Report finds Minnesota wind jobs have more than doubled

Thanks in part to the input of American Wind Energy Association members, a recently published report on Minnesota puts some numbers to the tremendous economic impact that wind power can have on a state—particularly one that implements effective policy.

The report covers clean energy as a whole but breaks down the data by technology as well. According to “Minnesota Clean Energy Economy Profile,” released last month, wind power added more jobs since 2000 than all other technologies studied, with wind jobs in the state up a staggering 288 percent since 2000. As of the first quarter of this year, about 1,700 Minnesotans worked in the wind industry.

These jobs are also often well-paying jobs. Minnesota workers in the wind industry earned an average annual income of $61,000 – more than the average annual income for all occupations in Minnesota of just over $47,000. Overall, Minnesota workers in the clean energy economy brought home over $1 billion in wages in 2013.

With 15.7 percent of electricity generated coming from wind, the state ranks fifth in the wind-penetration category. Not bad, particularly when considering Minnesota is number 12 for wind resource.

The federal Production Tax Credit helps boost wind jobs in Minnesota and across the country. Congress must extend it this year in order for states like Minnesota to keep reaping wind’s economic benefits and to avoid actual job losses.

Minnesota’s state policy has helped the state come out ahead in the clean energy race, as the report notes. In the mid-1990s, Minnesota implemented a “renewable energy production incentive payment”, and later set a renewable energy “objective” in 2001.

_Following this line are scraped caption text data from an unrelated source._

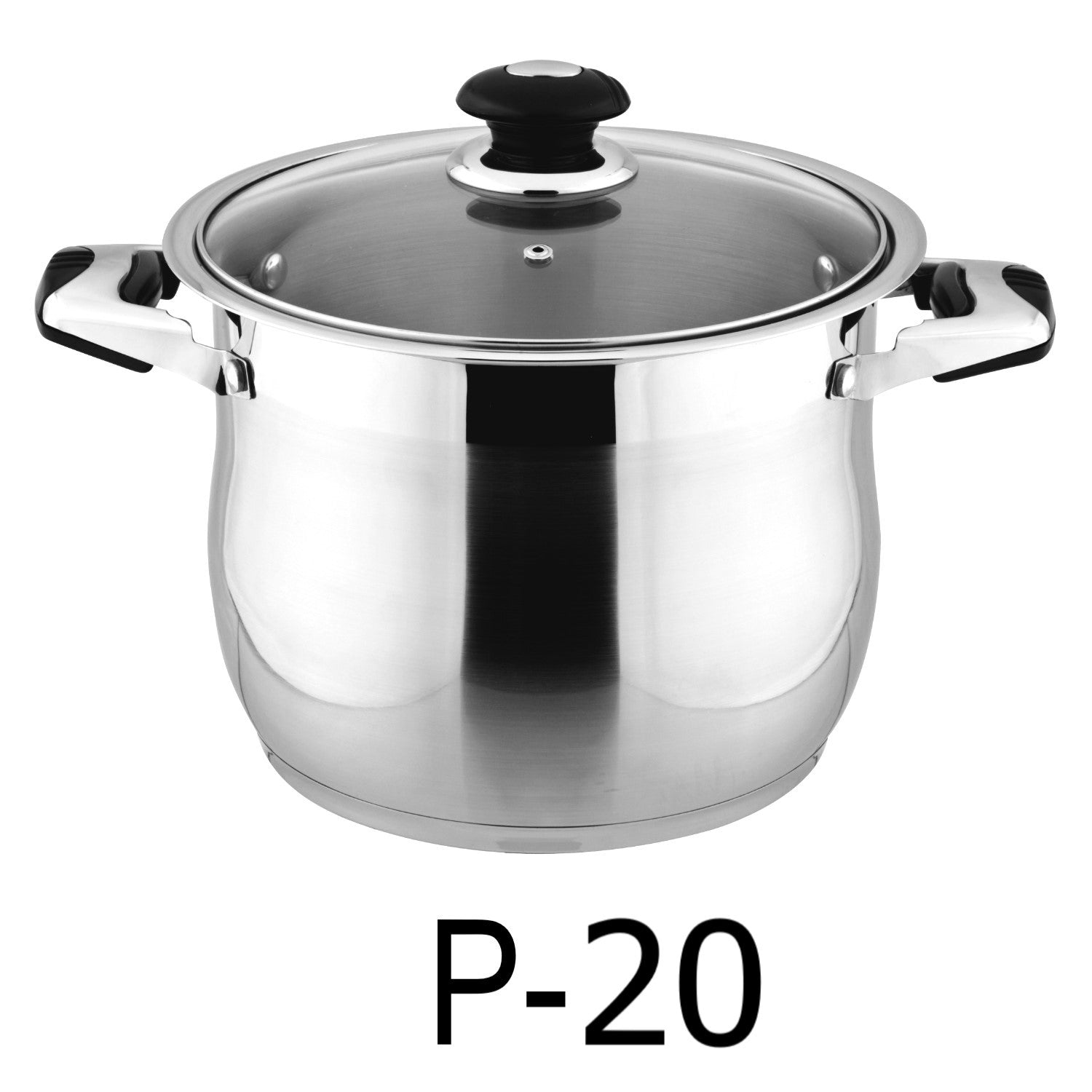 20 QT Stainless Steel 18 10 Induction Stock Pot Free Gift 2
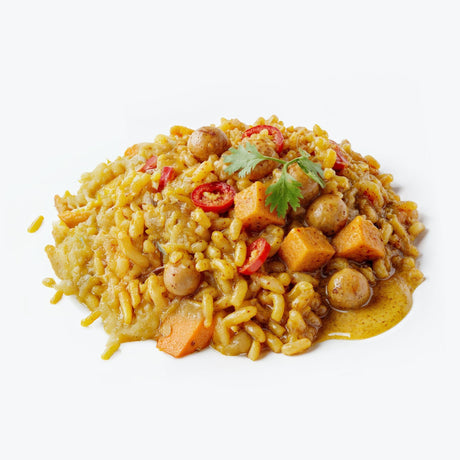 Tactical Foodpack - BigBag Sødkartoffel I Karry (3,1 kg)-2-XtraGrej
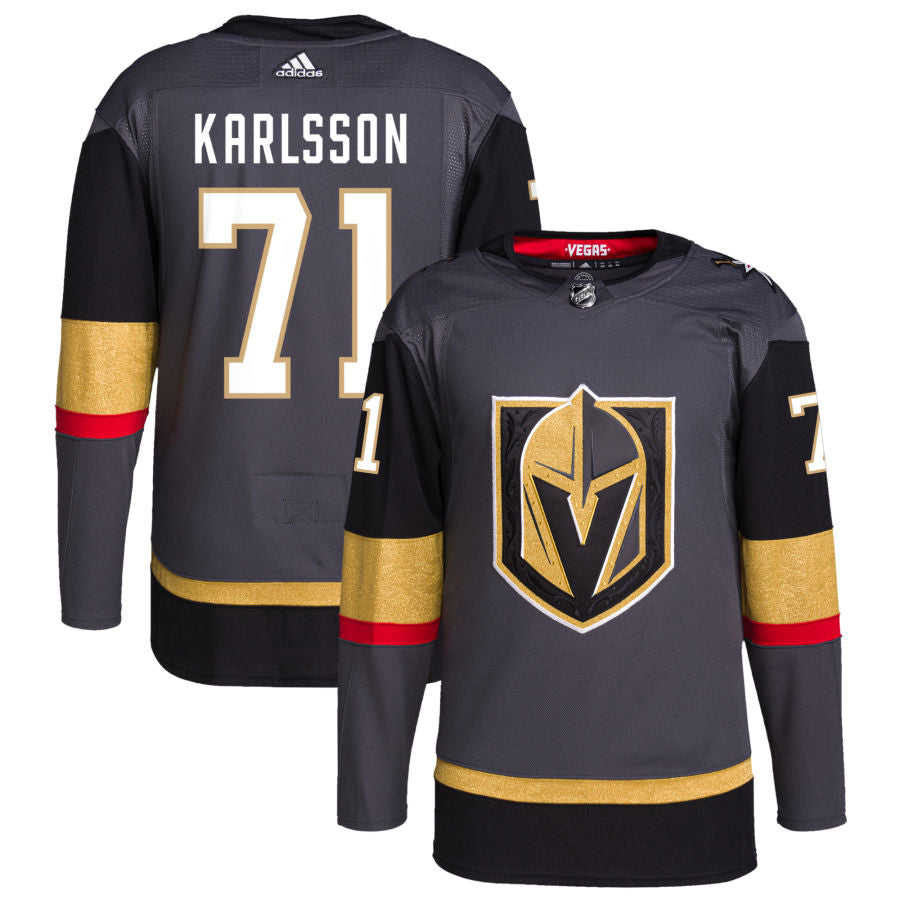 William Karlsson Vegas Golden Knights Alternate Authentic Pro Jersey - Gray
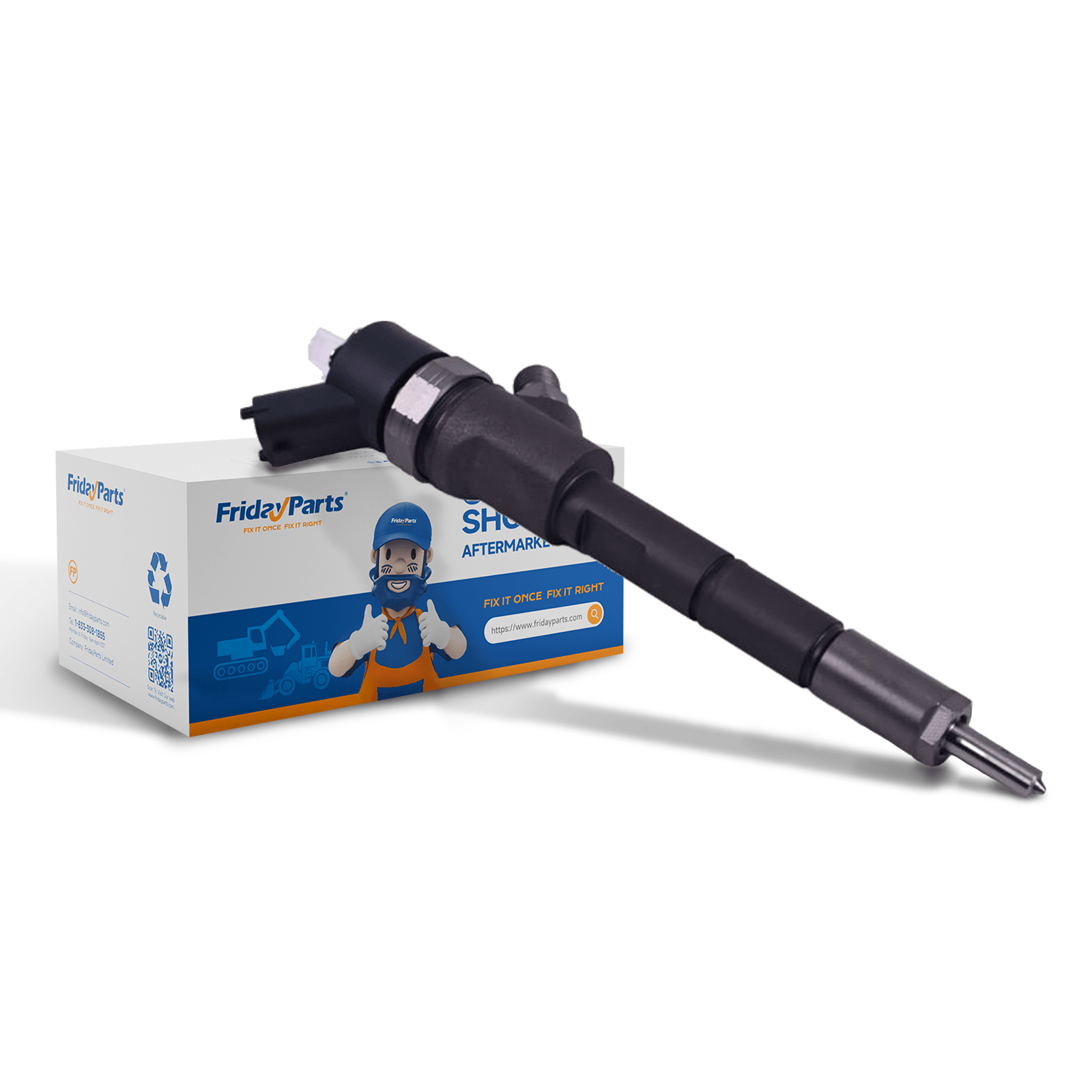 Inyector de combustible 4955415 6271-11-3100 para motor Cummins QSB3.3 B3.3 Komatsu SAA4D95LE_5 PC130-8 PC138US-8 PC78US-8 WA90-6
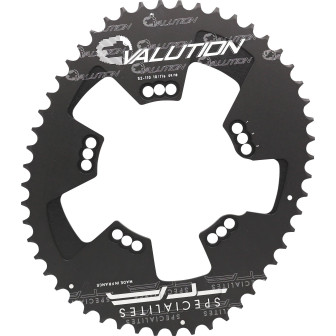 Spécialités TA OVALUTION Kettenblatt Compact 110mm außen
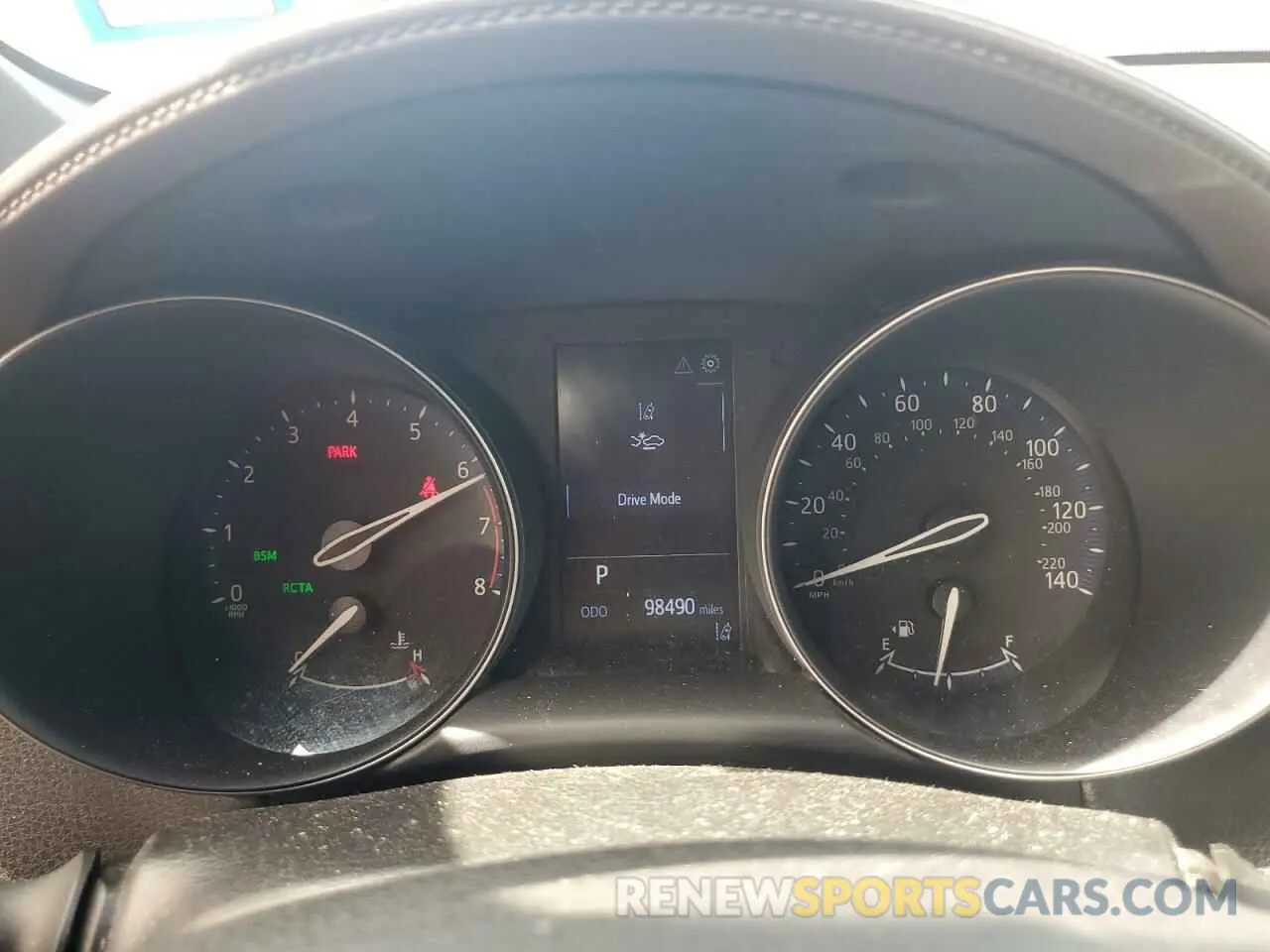 9 Photograph of a damaged car JTNKHMBX8K1044226 TOYOTA C-HR 2019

As the technology evolved and it became clear renewables were ready and reliable, Minnesota policy got bolder. In 2005, the state put in place the Community-Based Energy Development Tariff (commonly known as C-BED), which required 20-year power purchase agreements between utilities and community-owned renewable energy projects. To this day, wind power is among the leading energy sources that uses the community wind model, and so the policy benefited wind in particular. Finally, in 2007 came one of the nation’s strongest renewable portfolio standards (RPS), requiring utilities derive 25 percent of their power from renewables by 2015 (and 30 percent for local utility Xcel Energy).

Back when the RPS was first established, 2015 may have seemed like a long time away, but we’re almost there now. So how’s the state doing on the target? All utilities are on track to meet the 2015 standard, said Ken Brown, Clean Energy Commercialization Program Manager at the Minnesota Department of Commerce.

Importantly, Brown called the report “the state’s most comprehensive effort to date to quantify the number of businesses, employees and dollar amounts of wages and investments due to the clean energy economy.”

Brown and others involved in the report’s development have expressed much gratitude to members of AWEA for the role they played in supplying data for the findings. Providing an assist, AWEA reached out to its Minnesota members and asked them to complete surveys concerning employment, wage, and other data. The information was vital in helping to “true up” the data, as Brown put it.

“The level of confidence in results of any analysis is largely determined by the quality of data used to do it,” he said. “AWEA partnered with the state and notified its Minnesota members of the importance that company-specific data had for the analysis, and provided a link to the state’s on-line survey. AWEA’s outreach gave businesses engaged in the wind industry the opportunity to contribute to the data being used to evaluate it.”

Brown believes the report initiative was so successful that the model can be shared with other states. Meanwhile, after producing such a successful first iteration, Minnesota is already planning to update the report next year. It will look to AWEA and its members to provide the same vital information they shared before.